> Task requirements:
Show only those lines of the entries where the string "Fits" is found.

↓↓↓

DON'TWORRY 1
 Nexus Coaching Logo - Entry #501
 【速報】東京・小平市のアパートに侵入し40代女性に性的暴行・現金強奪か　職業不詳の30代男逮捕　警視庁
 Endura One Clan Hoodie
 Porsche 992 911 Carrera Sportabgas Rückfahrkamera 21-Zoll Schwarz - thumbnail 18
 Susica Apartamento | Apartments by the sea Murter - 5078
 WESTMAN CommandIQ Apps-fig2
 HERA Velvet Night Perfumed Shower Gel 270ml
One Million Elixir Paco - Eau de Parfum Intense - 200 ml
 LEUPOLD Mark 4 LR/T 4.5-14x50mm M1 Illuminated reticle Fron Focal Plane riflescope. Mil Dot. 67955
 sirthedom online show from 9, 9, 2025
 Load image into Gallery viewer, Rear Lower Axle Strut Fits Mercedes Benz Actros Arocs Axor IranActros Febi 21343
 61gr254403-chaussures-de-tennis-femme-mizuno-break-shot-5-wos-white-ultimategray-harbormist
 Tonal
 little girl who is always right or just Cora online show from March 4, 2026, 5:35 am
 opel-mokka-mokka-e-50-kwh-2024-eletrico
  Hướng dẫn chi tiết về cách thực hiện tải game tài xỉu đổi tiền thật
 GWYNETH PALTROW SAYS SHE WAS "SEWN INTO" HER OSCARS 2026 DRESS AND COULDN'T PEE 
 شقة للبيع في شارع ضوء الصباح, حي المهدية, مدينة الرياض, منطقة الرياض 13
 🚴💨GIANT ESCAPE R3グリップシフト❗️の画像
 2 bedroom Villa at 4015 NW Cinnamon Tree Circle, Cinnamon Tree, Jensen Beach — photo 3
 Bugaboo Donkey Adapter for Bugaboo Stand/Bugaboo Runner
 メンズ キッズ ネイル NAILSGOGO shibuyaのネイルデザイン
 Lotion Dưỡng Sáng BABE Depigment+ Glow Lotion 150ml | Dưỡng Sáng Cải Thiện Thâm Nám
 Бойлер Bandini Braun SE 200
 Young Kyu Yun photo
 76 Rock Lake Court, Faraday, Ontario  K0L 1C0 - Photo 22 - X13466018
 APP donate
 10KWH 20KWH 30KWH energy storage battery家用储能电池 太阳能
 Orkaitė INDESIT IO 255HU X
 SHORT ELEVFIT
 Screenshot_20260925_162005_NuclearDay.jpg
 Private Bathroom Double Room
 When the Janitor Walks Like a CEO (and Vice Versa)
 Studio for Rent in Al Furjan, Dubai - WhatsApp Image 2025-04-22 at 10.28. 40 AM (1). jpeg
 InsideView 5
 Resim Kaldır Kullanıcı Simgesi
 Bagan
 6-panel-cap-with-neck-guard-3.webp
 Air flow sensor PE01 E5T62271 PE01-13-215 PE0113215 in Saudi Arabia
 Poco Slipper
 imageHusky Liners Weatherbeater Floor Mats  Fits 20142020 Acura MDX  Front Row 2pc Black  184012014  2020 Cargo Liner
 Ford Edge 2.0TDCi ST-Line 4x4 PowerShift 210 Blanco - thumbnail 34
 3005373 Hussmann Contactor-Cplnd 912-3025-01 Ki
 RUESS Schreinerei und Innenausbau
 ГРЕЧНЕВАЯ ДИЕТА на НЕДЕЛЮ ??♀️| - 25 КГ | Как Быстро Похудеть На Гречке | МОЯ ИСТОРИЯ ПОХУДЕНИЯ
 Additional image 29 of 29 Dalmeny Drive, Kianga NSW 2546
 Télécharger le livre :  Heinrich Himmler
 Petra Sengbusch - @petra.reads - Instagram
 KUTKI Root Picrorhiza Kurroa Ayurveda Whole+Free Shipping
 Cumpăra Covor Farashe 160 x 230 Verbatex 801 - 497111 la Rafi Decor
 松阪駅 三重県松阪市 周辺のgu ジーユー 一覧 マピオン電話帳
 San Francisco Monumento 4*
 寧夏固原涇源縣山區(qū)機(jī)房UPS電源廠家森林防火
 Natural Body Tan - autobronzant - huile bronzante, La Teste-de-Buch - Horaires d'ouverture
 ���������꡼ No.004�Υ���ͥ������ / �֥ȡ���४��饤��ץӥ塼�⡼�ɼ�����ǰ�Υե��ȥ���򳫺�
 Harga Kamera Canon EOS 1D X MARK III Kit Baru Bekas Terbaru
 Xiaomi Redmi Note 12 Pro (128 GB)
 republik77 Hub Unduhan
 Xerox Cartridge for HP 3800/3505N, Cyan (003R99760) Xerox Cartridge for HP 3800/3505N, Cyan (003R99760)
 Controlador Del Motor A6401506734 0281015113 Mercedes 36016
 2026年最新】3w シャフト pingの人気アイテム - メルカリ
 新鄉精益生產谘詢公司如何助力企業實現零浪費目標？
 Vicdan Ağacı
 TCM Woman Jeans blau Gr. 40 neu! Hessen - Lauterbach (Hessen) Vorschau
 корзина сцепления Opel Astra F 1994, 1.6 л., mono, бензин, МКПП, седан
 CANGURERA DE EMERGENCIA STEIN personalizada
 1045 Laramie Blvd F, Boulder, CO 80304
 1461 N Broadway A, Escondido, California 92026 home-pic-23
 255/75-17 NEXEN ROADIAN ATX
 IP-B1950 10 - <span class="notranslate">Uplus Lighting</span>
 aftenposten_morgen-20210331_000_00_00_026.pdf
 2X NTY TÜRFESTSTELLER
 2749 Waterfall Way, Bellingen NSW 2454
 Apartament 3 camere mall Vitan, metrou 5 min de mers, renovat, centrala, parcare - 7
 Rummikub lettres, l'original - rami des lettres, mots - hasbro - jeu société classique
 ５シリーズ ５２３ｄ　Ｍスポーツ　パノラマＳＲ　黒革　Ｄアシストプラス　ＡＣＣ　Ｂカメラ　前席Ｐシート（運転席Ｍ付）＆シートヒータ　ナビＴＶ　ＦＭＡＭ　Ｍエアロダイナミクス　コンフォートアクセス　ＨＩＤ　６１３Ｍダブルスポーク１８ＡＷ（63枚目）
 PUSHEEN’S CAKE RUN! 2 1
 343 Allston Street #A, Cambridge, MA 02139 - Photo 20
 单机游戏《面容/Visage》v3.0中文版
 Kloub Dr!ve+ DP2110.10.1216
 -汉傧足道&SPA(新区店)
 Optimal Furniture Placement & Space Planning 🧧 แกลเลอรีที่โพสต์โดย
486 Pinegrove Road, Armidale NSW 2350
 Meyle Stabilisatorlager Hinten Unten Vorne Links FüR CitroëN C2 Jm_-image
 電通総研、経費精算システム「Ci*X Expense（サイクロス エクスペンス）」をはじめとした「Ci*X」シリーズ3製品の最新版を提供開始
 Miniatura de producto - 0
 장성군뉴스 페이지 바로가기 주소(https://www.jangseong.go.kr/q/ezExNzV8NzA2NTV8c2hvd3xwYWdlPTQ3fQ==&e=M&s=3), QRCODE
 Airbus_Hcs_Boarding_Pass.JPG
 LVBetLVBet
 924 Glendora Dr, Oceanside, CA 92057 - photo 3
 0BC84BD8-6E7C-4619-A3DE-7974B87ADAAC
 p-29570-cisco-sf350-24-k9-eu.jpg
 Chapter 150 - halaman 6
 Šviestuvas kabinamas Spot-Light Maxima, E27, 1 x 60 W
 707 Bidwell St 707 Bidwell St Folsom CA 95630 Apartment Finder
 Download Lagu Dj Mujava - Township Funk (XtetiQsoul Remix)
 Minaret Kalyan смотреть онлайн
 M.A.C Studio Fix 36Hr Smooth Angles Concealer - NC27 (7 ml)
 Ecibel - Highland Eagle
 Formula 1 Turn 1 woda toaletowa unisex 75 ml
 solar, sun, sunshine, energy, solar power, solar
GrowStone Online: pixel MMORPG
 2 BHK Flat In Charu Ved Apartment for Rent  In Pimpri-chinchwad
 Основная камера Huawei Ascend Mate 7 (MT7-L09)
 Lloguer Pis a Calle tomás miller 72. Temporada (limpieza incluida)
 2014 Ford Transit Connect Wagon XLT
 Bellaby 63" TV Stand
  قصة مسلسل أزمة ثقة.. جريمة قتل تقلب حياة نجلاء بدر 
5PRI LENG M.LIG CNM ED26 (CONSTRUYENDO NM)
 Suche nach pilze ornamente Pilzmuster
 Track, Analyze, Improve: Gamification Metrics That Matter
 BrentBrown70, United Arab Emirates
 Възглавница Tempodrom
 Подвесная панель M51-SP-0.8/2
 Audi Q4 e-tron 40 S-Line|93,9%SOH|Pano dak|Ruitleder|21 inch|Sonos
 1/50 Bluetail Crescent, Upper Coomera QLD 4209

↑↑↑

> Response area:
 Load image into Gallery viewer, Rear Lower Axle Strut Fits Mercedes Benz Actros Arocs Axor IranActros Febi 21343
 imageHusky Liners Weatherbeater Floor Mats  Fits 20142020 Acura MDX  Front Row 2pc Black  184012014  2020 Cargo Liner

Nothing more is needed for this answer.